The light polymer composite materials with carbon tri-axially reinforcement have been successfully used for fan cases in several jet engine design. Fan case containment must resist blade impact, so failure behavior during high velocity impact is very important. The expensive and time consuming blade-out tests are required by FAA. Both industry and government would like to use realistic numerical simulations of the blade-out events in order to understand the physics of failure and help in the design process. This study describes ability to simulate failure of carbon reinforced tri-axial composite materials used for such jet engine fan cases. The objective of this work is to predict threshold velocities for different fiber orientation in braided tri-axial composite half cylinders impacted by soft projectiles.
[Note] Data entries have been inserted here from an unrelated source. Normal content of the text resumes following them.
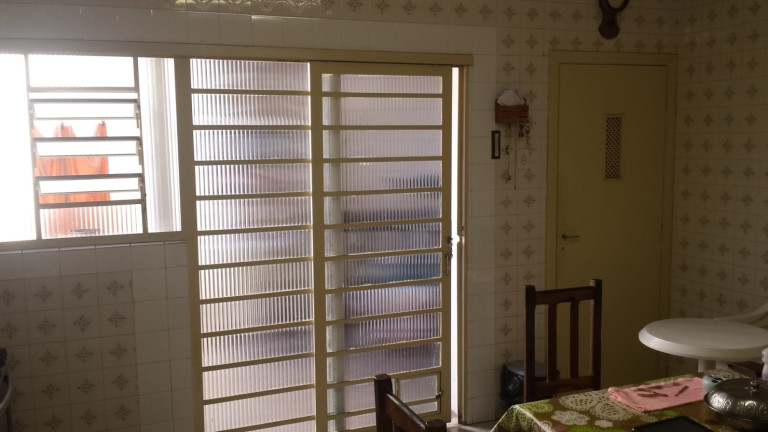 Imagem Sobrado com 2 Quartos à Venda, 140 m² em Jardim Rosely - Pindamonhangaba Imagem Sobrado com 2 Quartos à Venda, 140 m² em Jardim Rosely - Pindamonhangaba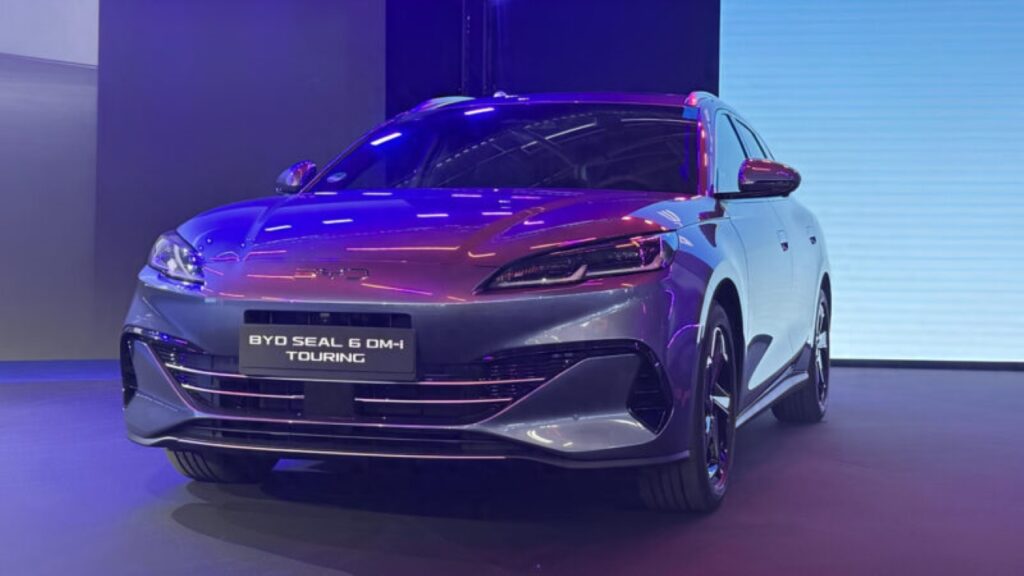 Nova perua BYD Seal roda até 150 km com energia elétrica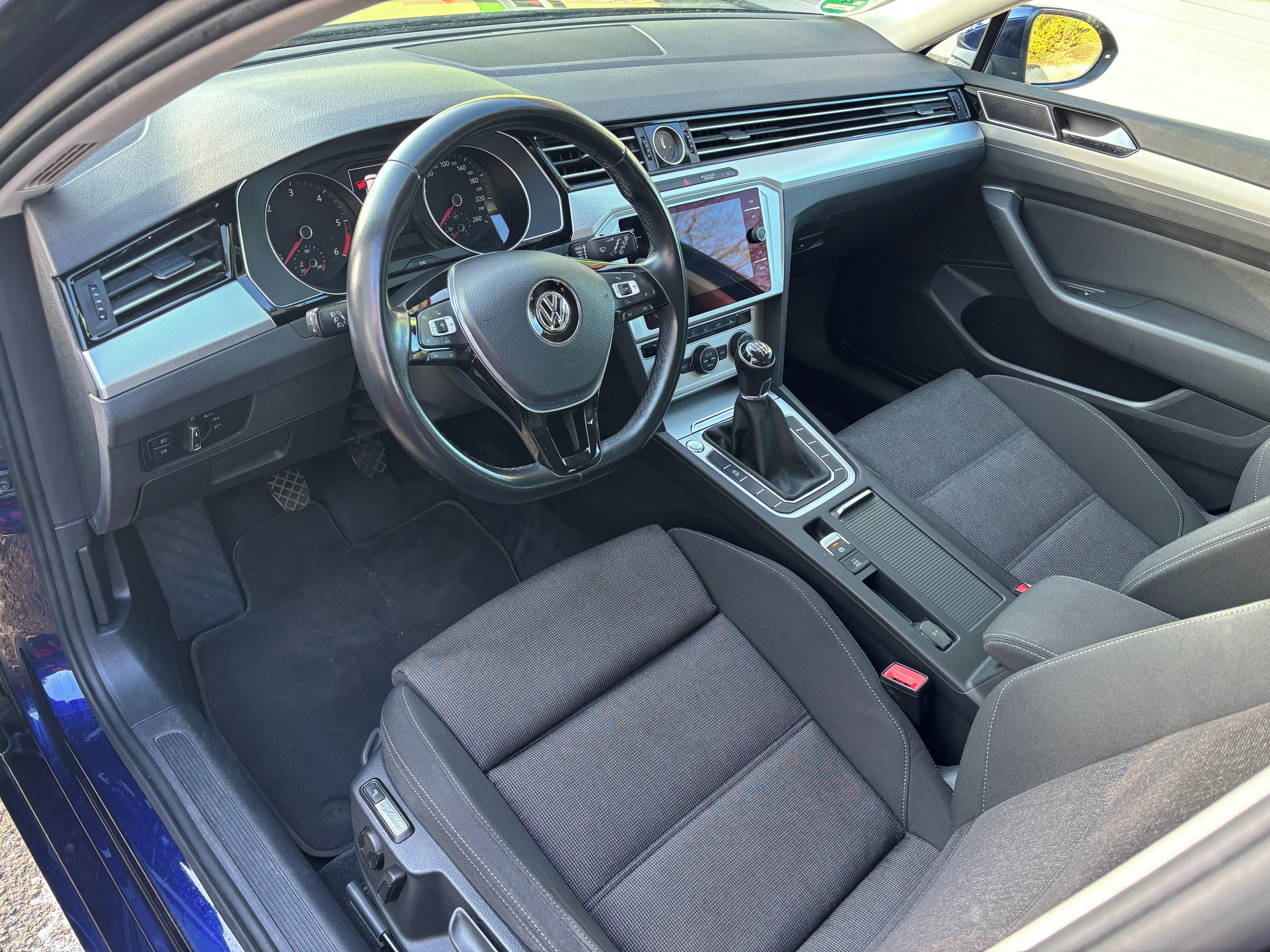 Volkswagen Passat, 167 000km, servis VW - fotka 6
The simplified braided through thickness integration point methodology was used to simulate impact event of tri-axial braided composite using LsDyna3D nonlinear FE code. This method is based on unit cell consisting of sub-cells that are modeled by shell elements with local lamination structure. Each integration point of shell element represents different laminae with local fiber orientation.
Composite laminate is represented using standard material model Mat_54 (ENHANCED_COMPOSITE_DDAMAGE), and soft projectile is represented by Mat_181 (SIMPLIFIED_RUBBER). Impact simulation was validated using experimental test results conducted at NASA Ballistic Impact Laboratory for [0°/±60°] fiber orientation braid. The model parameters were chosen so threshold velocity and damage shape of the simulation correlates well with experimental observations.
The results of parametric studies show that the local minima of threshold velocities are for [0°/±15°] and [0°/±70°] degrees braid and the largest threshold velocity is obtained for the braid with fiber orientation between [0°/±40°]and [0°/±45°]. So the jet engine cases should be fabricated using [0°/±45°] braid.